Examine a sudoku board and return either:
- {:invalid, true} - (ie no candidates left for a given square and no backtracking opportunity)
- {:backtrack, :contradition} - implies we must have a backtracking option, but we have reached an invalid board state
- {:solved, true} - (ie all squares have a solution)
- An inference rule which allows one or more eliminations to take place
- A guess - no rule based inferences can be found, so make a guess *
Many strategies generate inferences that whilst true, may not advance the solution
Here we filter out any inferences which don’t advance the board state
Entry point to solve a sudoku board
Pass in either:
- a bitstring where 0, dot, or space is a blank and any other symbol is a board symbol
- a Sudoku.Board type
Returns: {status, inferences, final_board}
Note: In the event of a non unique solution, the solver will stop at the first solution found.

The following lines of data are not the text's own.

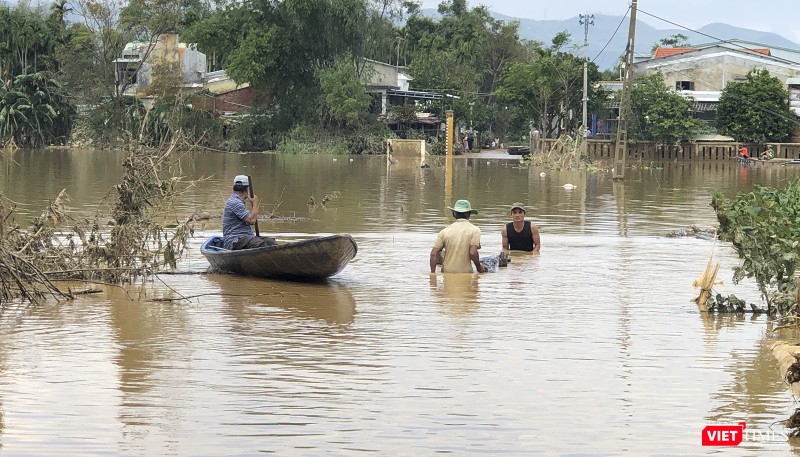 Vùng hạ du sông Vu Gia - Thu Bồn thuộc địa phận huyện Đại Lộc, Quảng Nam bị chìm sâu trong nước khi thuỷ điện xả lũ Vùng hạ du sông Vu Gia - Thu Bồn thuộc địa phận huyện Đại Lộc, Quảng Nam bị chìm sâu trong nước khi thuỷ điện xả lũ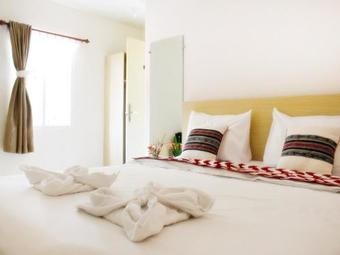 Leos Hotel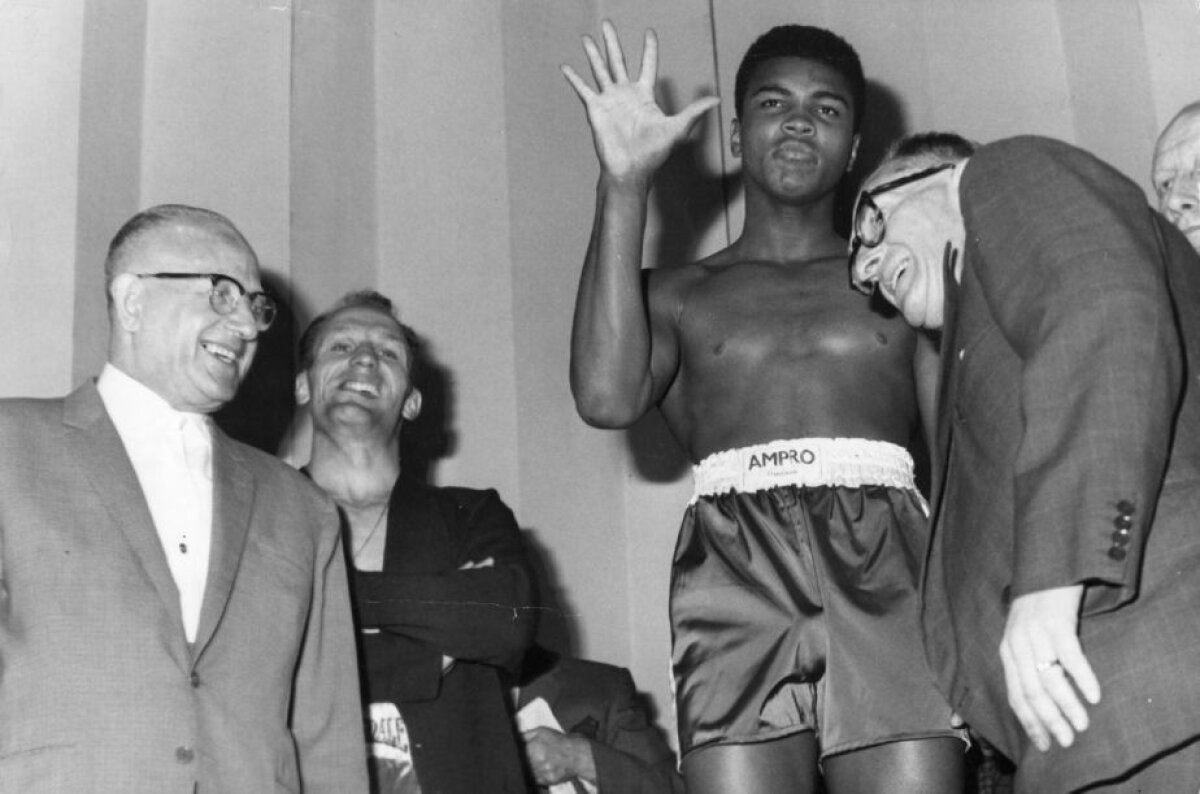GALERIE FOTO Cele mai tari imagini din cariera lui Muhammad Ali » Fotografii memorabile pe care nu le-ai mai văzut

To continue simply extract the state from the final_board.backtrack and pass this back to solve/1 to get more solutions (or :invalid if no more solutions to be found)
Advance the board by one inference step (including guessing).
Computes the next inference and then applies it to the board state to get a new state.
Returns:
- {{:finished, why}, final_board}
- {{:step, step_details}, next_board}
Iteratively compute a next inference to advance the board (including guessing) and then apply that inference to advance the board state.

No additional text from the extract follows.